Exercise. Your job is to set down the stretch of entries that opens with the line containing "Happy asian woman" and closes with the line containing "Classic tiramisu dessert". Keep both end lines, copy each exactly, and add nothing.
Dataset excerpts Block Start
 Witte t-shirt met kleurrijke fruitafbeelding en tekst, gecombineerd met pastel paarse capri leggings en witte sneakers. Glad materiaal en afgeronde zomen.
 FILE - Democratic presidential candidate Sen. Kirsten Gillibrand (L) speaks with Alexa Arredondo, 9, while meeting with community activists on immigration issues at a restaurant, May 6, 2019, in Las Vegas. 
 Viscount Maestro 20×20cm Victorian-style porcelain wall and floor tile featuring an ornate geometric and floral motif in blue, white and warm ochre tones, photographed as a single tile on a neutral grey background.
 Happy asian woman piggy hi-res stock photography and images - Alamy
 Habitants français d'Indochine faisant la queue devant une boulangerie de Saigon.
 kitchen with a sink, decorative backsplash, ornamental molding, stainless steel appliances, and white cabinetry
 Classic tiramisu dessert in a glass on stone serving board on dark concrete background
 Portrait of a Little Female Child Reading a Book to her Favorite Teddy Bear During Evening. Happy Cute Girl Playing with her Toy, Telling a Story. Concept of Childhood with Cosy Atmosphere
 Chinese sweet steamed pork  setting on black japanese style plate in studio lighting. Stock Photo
Dataset excerpts Block End
Solution for this task.
 Happy asian woman piggy hi-res stock photography and images - Alamy
 Habitants français d'Indochine faisant la queue devant une boulangerie de Saigon.
 kitchen with a sink, decorative backsplash, ornamental molding, stainless steel appliances, and white cabinetry
 Classic tiramisu dessert in a glass on stone serving board on dark concrete background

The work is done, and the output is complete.